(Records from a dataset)
Segment Open
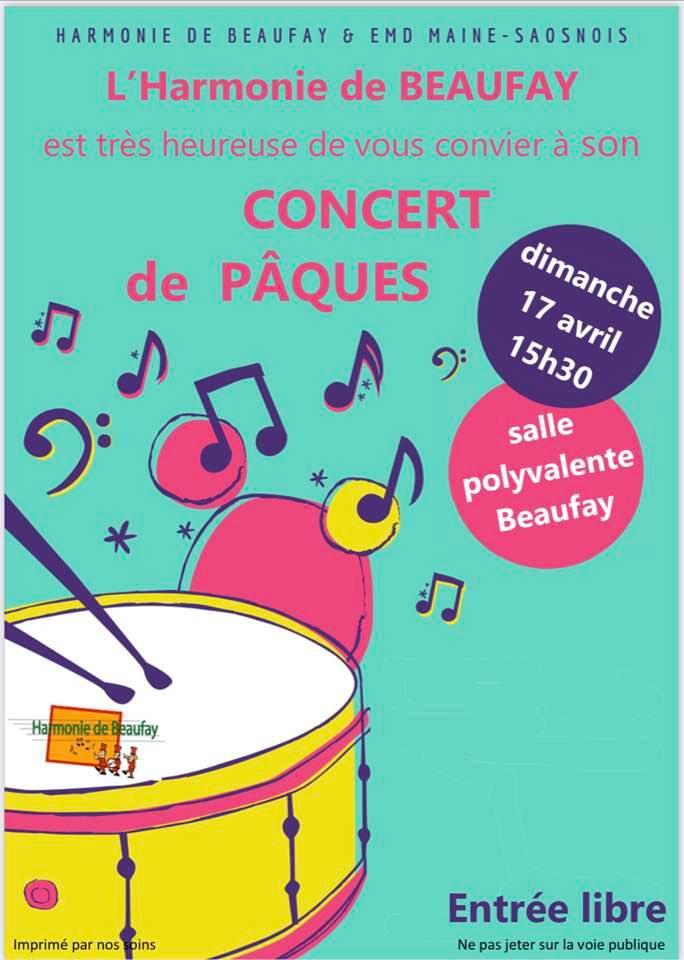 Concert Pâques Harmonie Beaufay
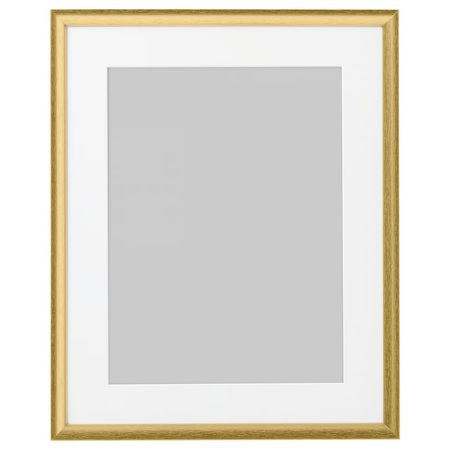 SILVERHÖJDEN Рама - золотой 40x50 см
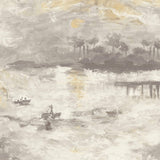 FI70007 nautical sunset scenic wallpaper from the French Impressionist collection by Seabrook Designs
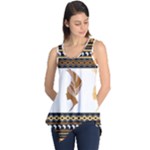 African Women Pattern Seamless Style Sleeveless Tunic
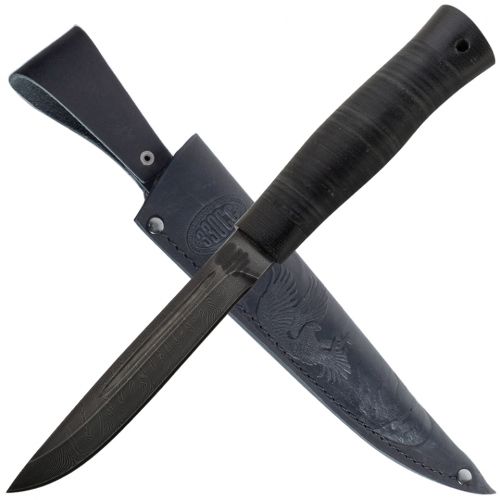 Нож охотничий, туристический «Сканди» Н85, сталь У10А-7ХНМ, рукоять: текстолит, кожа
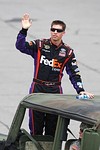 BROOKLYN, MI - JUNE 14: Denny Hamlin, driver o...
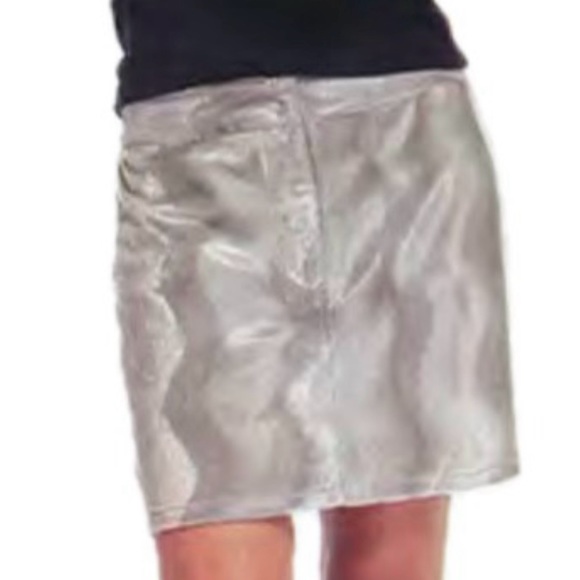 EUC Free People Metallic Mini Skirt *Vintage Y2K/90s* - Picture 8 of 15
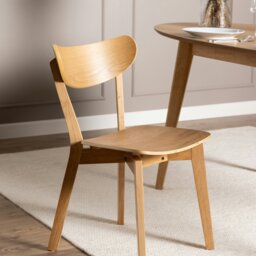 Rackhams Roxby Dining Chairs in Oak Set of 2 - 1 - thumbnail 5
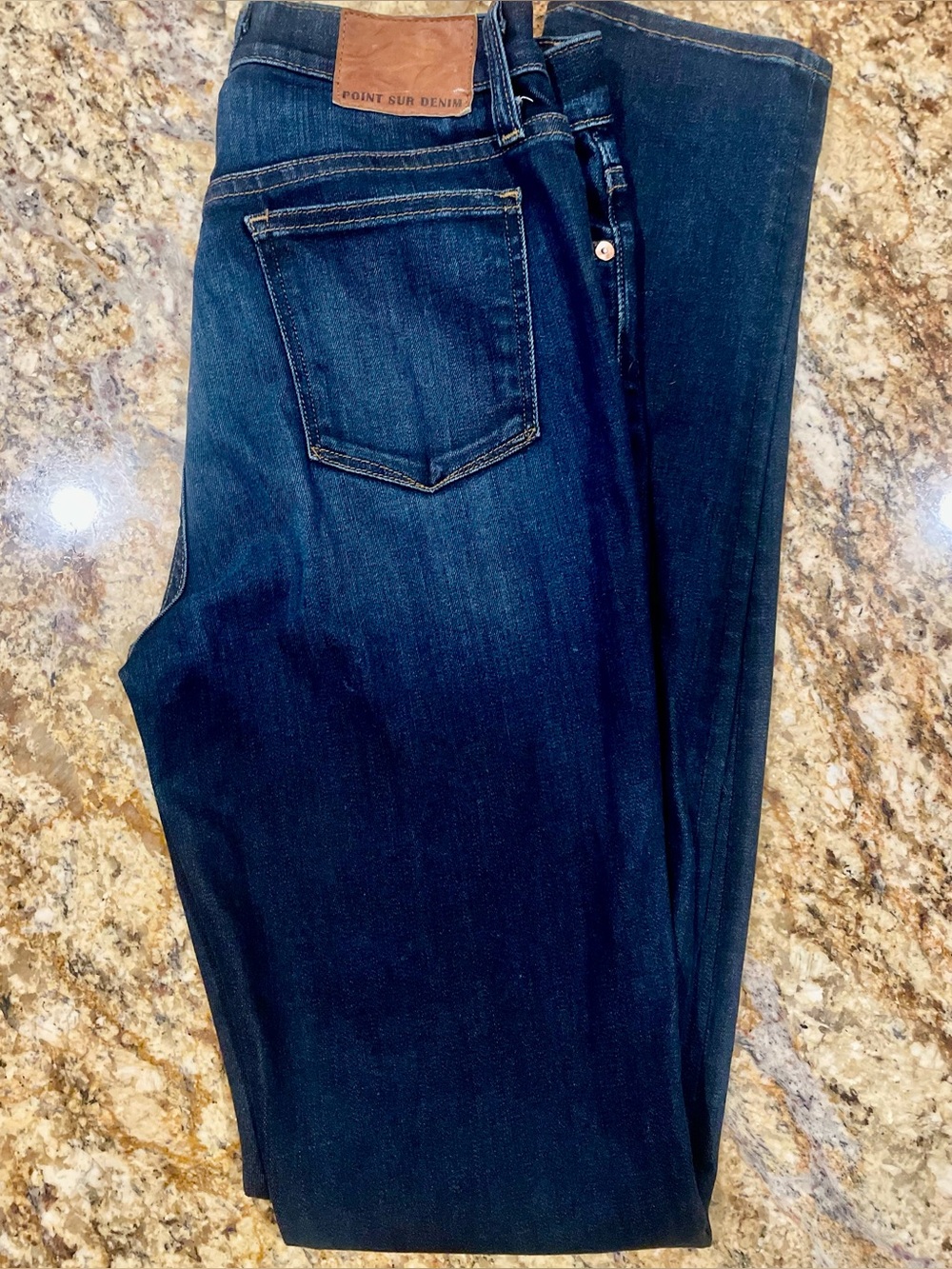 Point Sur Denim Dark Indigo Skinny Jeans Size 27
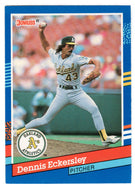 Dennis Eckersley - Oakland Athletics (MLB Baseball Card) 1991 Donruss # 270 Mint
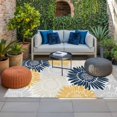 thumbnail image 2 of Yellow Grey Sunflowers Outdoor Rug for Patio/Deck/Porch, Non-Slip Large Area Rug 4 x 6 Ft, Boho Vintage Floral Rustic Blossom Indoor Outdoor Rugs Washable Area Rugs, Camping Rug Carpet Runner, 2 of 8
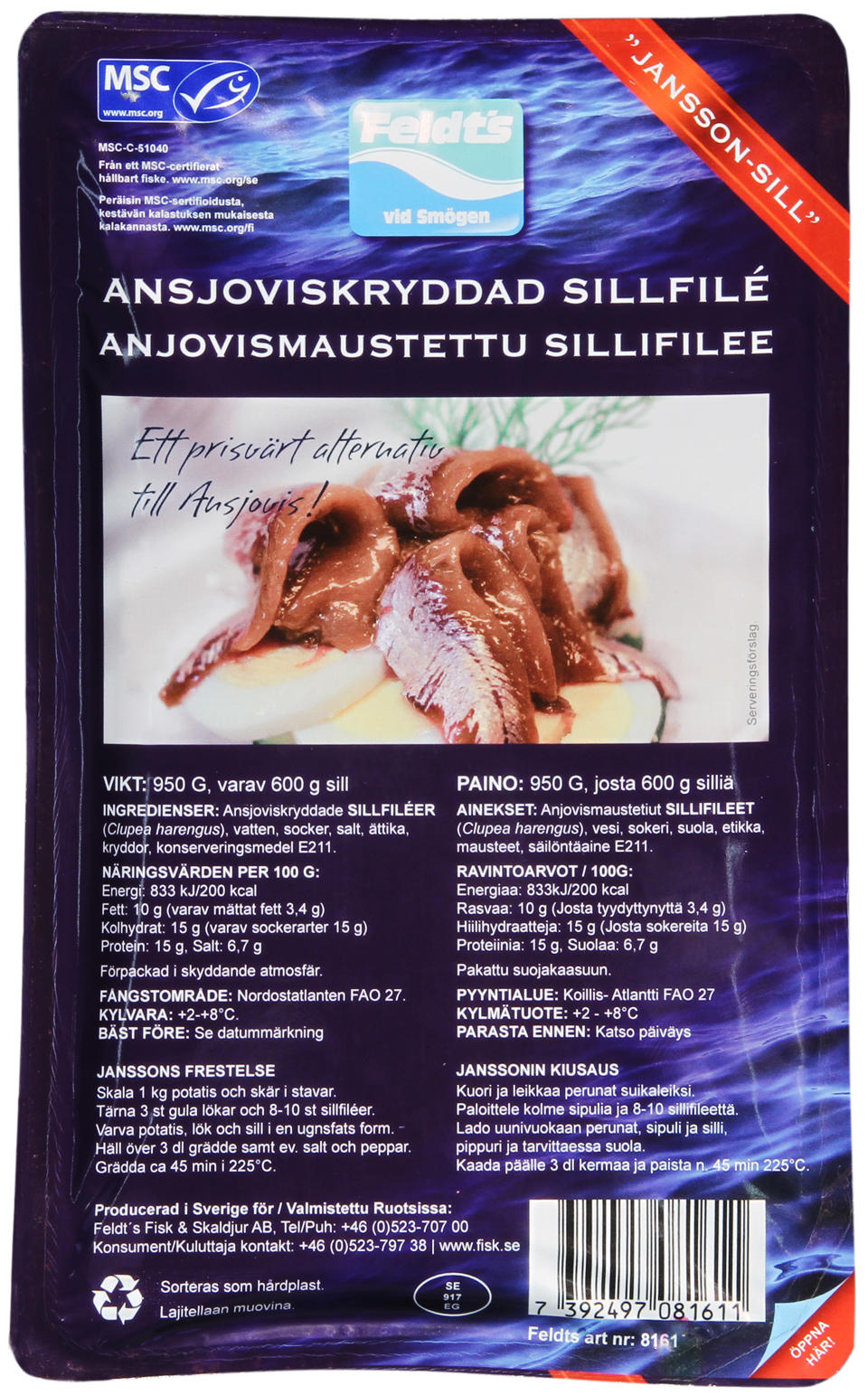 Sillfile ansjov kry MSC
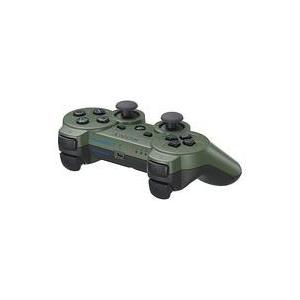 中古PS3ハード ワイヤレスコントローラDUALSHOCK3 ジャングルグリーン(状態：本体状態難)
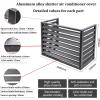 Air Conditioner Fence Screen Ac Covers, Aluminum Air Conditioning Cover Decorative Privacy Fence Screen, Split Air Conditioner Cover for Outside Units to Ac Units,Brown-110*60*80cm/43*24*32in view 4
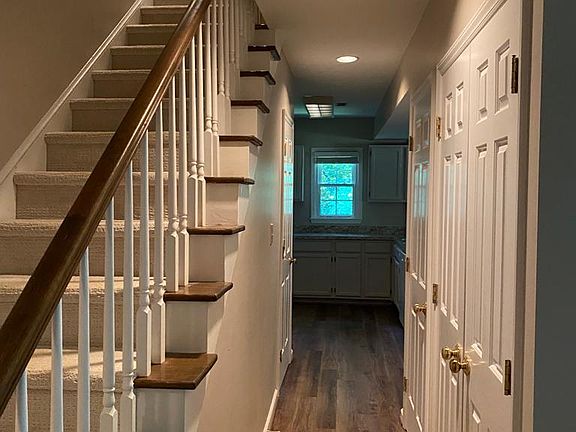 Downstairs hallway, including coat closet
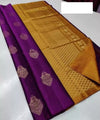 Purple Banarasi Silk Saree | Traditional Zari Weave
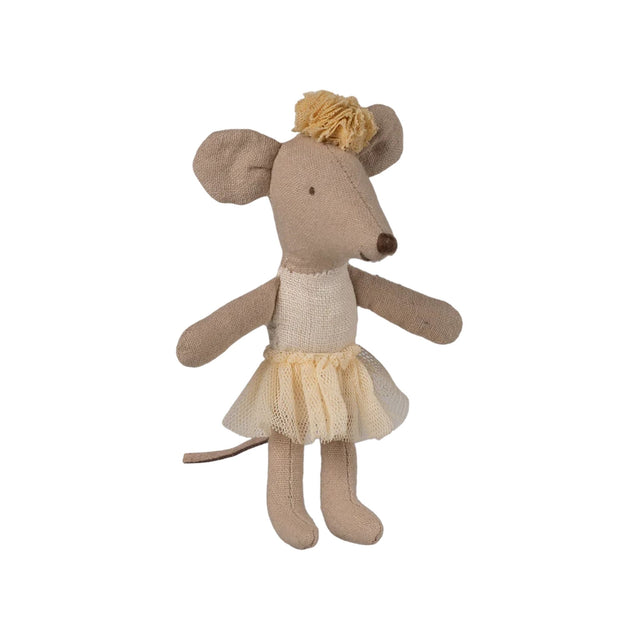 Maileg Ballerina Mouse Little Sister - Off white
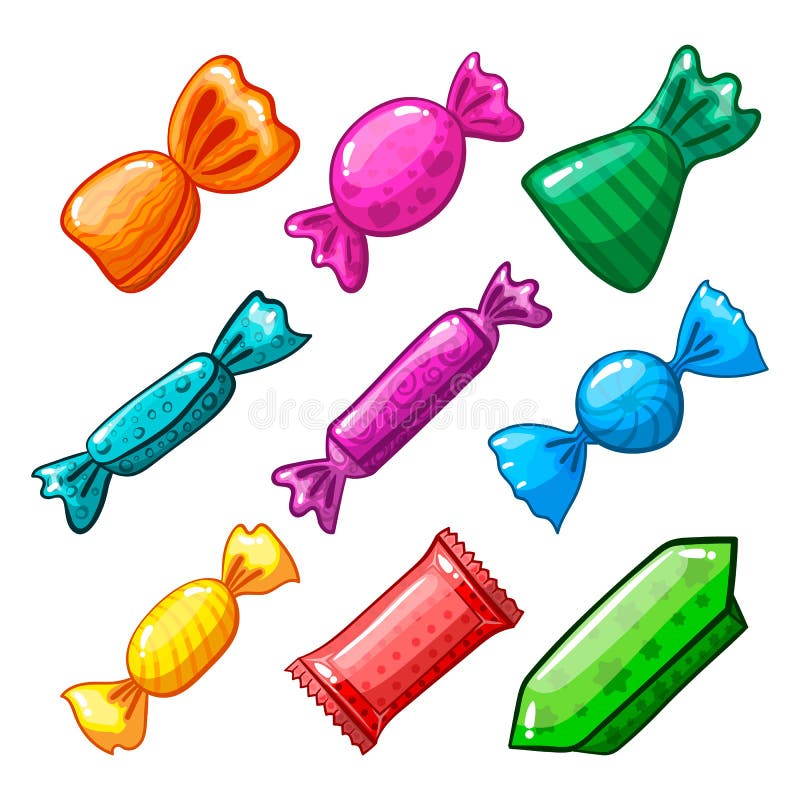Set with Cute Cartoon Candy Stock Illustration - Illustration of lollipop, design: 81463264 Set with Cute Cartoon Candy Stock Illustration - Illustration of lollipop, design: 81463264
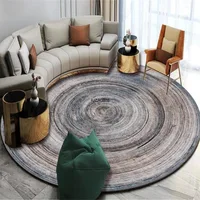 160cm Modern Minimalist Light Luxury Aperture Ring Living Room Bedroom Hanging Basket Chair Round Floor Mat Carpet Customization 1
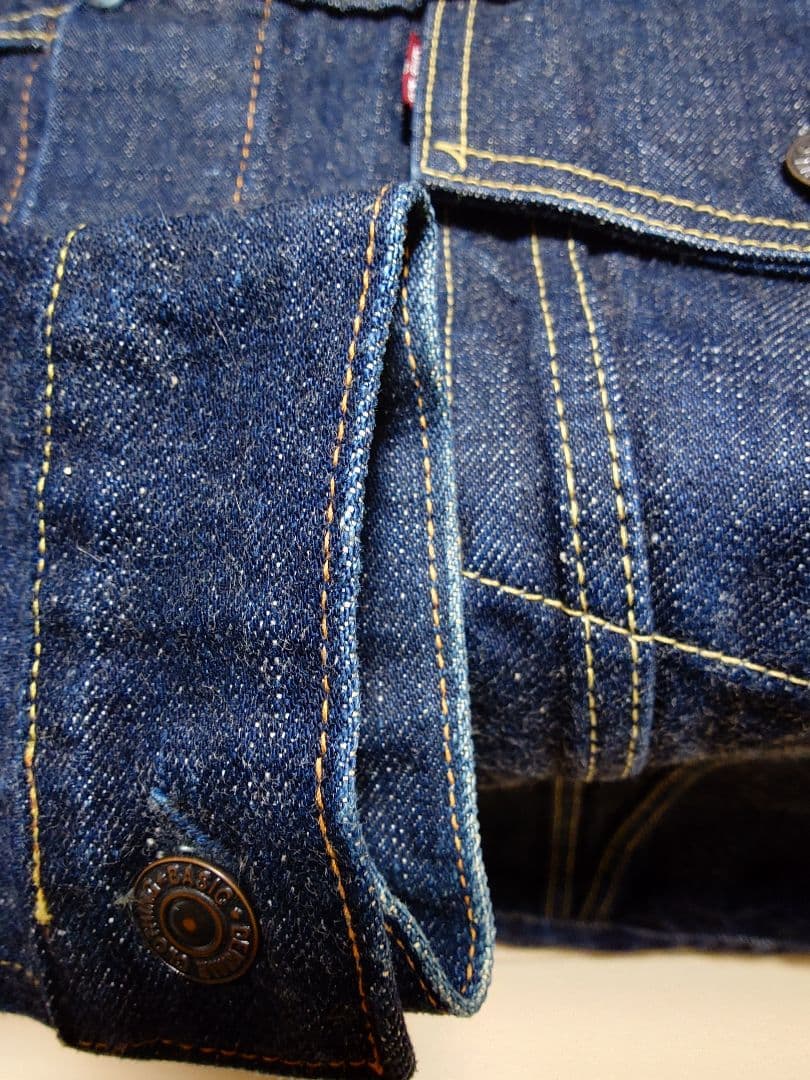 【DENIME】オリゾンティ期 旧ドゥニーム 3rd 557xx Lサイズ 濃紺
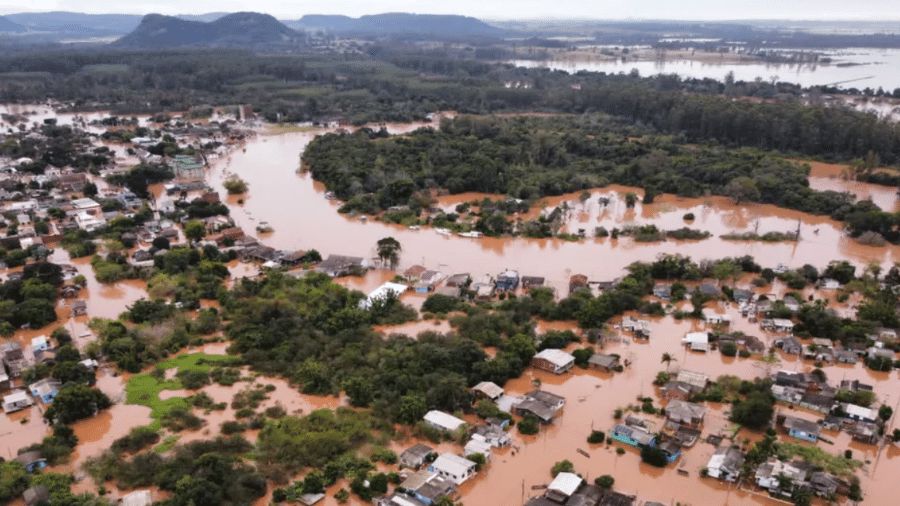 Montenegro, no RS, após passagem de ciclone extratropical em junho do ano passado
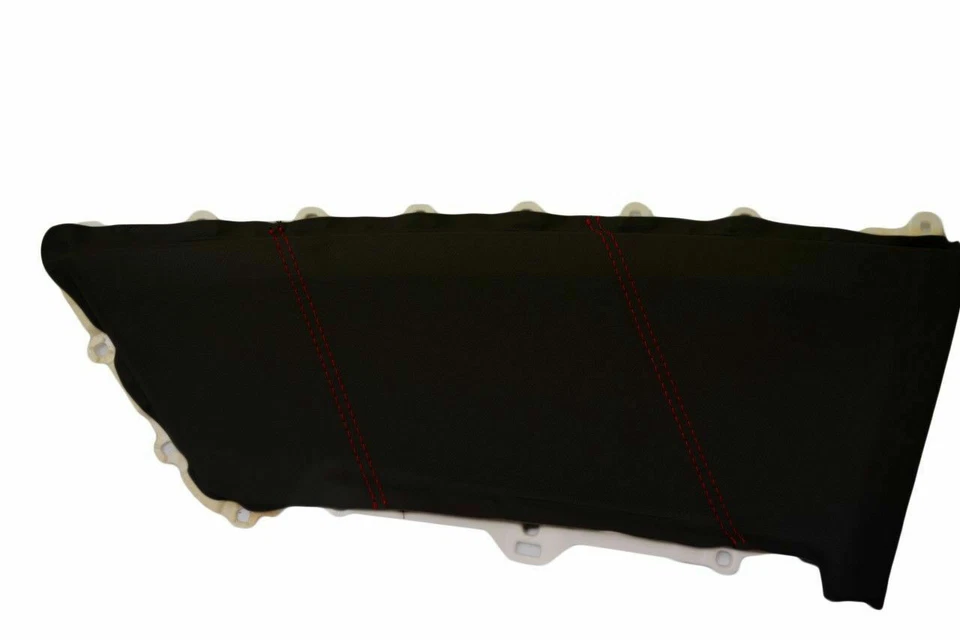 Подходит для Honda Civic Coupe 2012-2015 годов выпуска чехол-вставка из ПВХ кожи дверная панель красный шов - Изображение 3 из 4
Segment Closed
Extract all the entries word for word; omit any pictures.

 Concert Pâques Harmonie Beaufay
 SILVERHÖJDEN Рама - золотой 40x50 см
 FI70007 nautical sunset scenic wallpaper from the French Impressionist collection by Seabrook Designs
 African Women Pattern Seamless Style Sleeveless Tunic
 Нож охотничий, туристический «Сканди» Н85, сталь У10А-7ХНМ, рукоять: текстолит, кожа
 BROOKLYN, MI - JUNE 14: Denny Hamlin, driver o...
 EUC Free People Metallic Mini Skirt *Vintage Y2K/90s* - Picture 8 of 15
 Rackhams Roxby Dining Chairs in Oak Set of 2 - 1 - thumbnail 5
 Point Sur Denim Dark Indigo Skinny Jeans Size 27
 Dennis Eckersley - Oakland Athletics (MLB Baseball Card) 1991 Donruss # 270 Mint
 thumbnail image 2 of Yellow Grey Sunflowers Outdoor Rug for Patio/Deck/Porch, Non-Slip Large Area Rug 4 x 6 Ft, Boho Vintage Floral Rustic Blossom Indoor Outdoor Rugs Washable Area Rugs, Camping Rug Carpet Runner, 2 of 8
 Sillfile ansjov kry MSC
 中古PS3ハード ワイヤレスコントローラDUALSHOCK3 ジャングルグリーン(状態：本体状態難)
 Air Conditioner Fence Screen Ac Covers, Aluminum Air Conditioning Cover Decorative Privacy Fence Screen, Split Air Conditioner Cover for Outside Units to Ac Units,Brown-110*60*80cm/43*24*32in view 4
 Downstairs hallway, including coat closet
 Purple Banarasi Silk Saree | Traditional Zari Weave
 Maileg Ballerina Mouse Little Sister - Off white
Set with Cute Cartoon Candy Stock Illustration - Illustration of lollipop, design: 81463264 Set with Cute Cartoon Candy Stock Illustration - Illustration of lollipop, design: 81463264
 160cm Modern Minimalist Light Luxury Aperture Ring Living Room Bedroom Hanging Basket Chair Round Floor Mat Carpet Customization 1
 【DENIME】オリゾンティ期 旧ドゥニーム 3rd 557xx Lサイズ 濃紺
 Montenegro, no RS, após passagem de ciclone extratropical em junho do ano passado
 Подходит для Honda Civic Coupe 2012-2015 годов выпуска чехол-вставка из ПВХ кожи дверная панель красный шов - Изображение 3 из 4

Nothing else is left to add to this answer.